What should I remember most?

The findings of this review have indicated that the incidence of nonunion and malunion were significantly lower with operative treatment in comparison to nonoperative treatment for displaced midshaft clavicle fractures; however, surgical procedures were associated with higher rates of other, more minor complications. In terms of function, the majority of studies comparing operative versus nonoperative treatments have revealed that both Constant and DASH scores were significantly better with surgical procedures at greater than 1 year follow-up. Whether pain and patient satisfaction favoured one treatment over the other could not be determined conclusively. Lastly, the comparison between plate fixation and other surgical procedures revealed that there was no clear indication of one technique being superior in terms of Constant scores and union rates.
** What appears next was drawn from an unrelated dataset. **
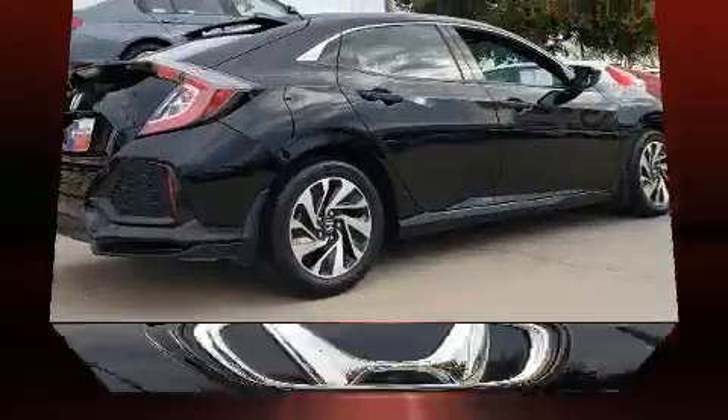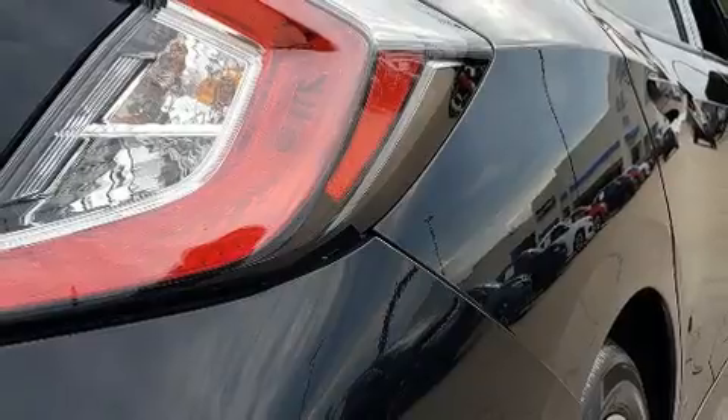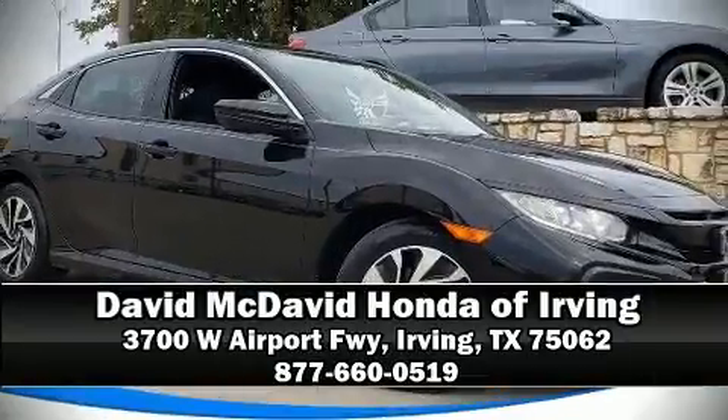This vehicle has achieved certified pre-owned status by passing Honda's comprehensive certification process, including an exhaustive 150-point inspection. Stop by our dealership or give us a call for more information.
Implications for patient treatment and future research:

The results of this review demonstrate that surgical treatment for displaced midshaft clavicle fractures leads to a higher rate of union and better functional outcomes when compared to nonoperative sling treatments. Moreover, this review was unable to determine the optimal surgical procedure between plate fixation, nailing, and pin fixation. The findings of this review demonstrate the need for standard outcome reporting guidelines within the literature to improve comparisons between trials and indicated the need for further investigation into the best operative technique.